Thursday, October 18, 2007

The Colonial Congress: The Berlin Biden plan

Why limit the colonialism of our Iraq policy to just empty rhetoric, its about time for someone to step up and put some walk behind that talk. Enter Joe Biden and Sam Brownback:
"The clunkly named Biden-Brownback Iraq Federalism Bipartisan Amendment is the latest in a series of calls for a "soft partition" of Iraq into three semiautonomous regions -- split up according to ethnicity and sect -- that appear to be gaining currency in Washington."

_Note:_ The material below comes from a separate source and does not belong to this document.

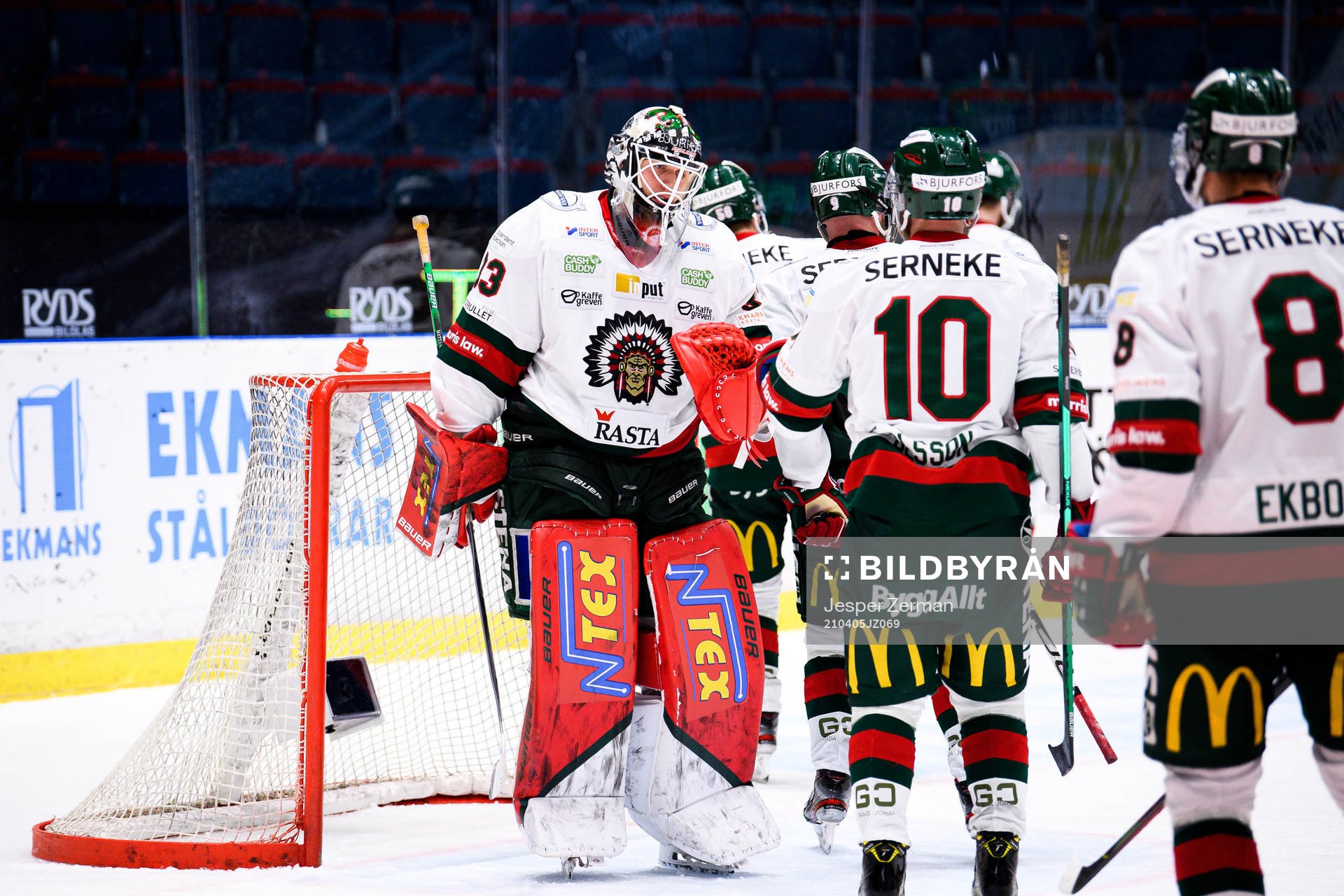 Frölundas målvakt Johan Mattsson jublar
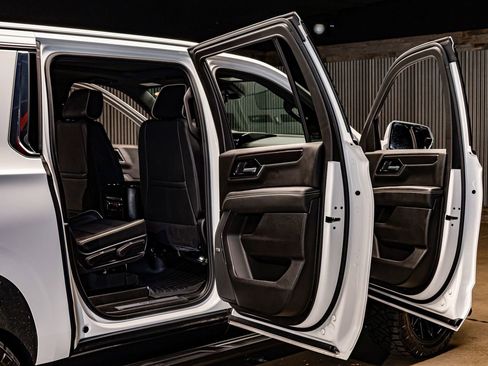 Used 2025 GMC Yukon XL Elevation w/ Technology Package image 27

In an article that finally points some of the fatal flaws of this plan, the writer Joshua Holland makes my day by pointing out an obvious but often ignored comparison:
"Proponents of the plan deserve credit for understanding that there's no military solution to be found in Iraq -- that a political conflict requires a political fix. This already puts them miles ahead of the administration and defenders of the status quo, and they should be commended for seeking a practical way out of the mess created by the U.S. invasion.

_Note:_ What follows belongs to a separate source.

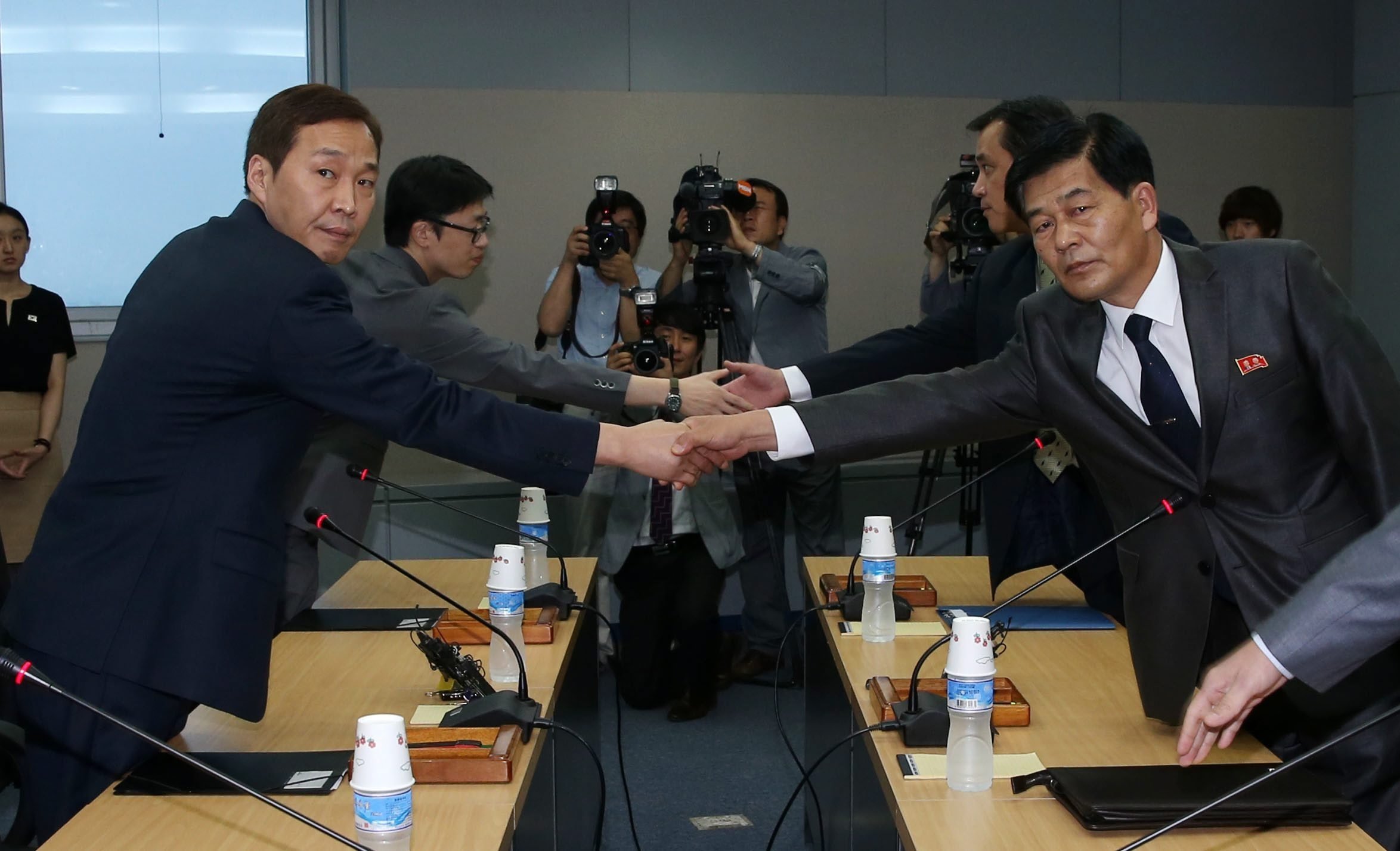 South Korean chief delegate Kim Ki-woong (left), a Ministry of Unification official, and his North Korean counterpart Park Chol-su shake hands prior to their fifth round of working-level talks on the normalisation of the suspended Kaesong industrial complex in Kaesong, North Korea. Photo: EPA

But Iraqis do not live in neat enclaves; 4 million have already been forced to flee their homes by sectarian and separatist militias, and thousands more have been killed in the process. Whatever the intentions of the proponents of the plan might be, calling for more of the same is profoundly immoral, and doing so from the remote confines of Washington conference rooms is reminiscent of earlier eras in which Western powers carved up distant lands by drawing new lines on the map."
Holland's whole article is worth reading, simply because this plan has been given a lot of support from a lot of different places, and its fundamental problems are rarely discussed. Besides the fact that this plan would likely lead to more violence and ethnic cleansing in Iraq, the larger colonial point is the one that the media has ignored. When did this become our decision? What better way to show the world the power of democratic rule than dividing their country into pieces for them. The logic of "These savages clearly don't know what their doing, so we'll have to do it for them" is so eerily similar to the justifications of the 1800s that it's frightening.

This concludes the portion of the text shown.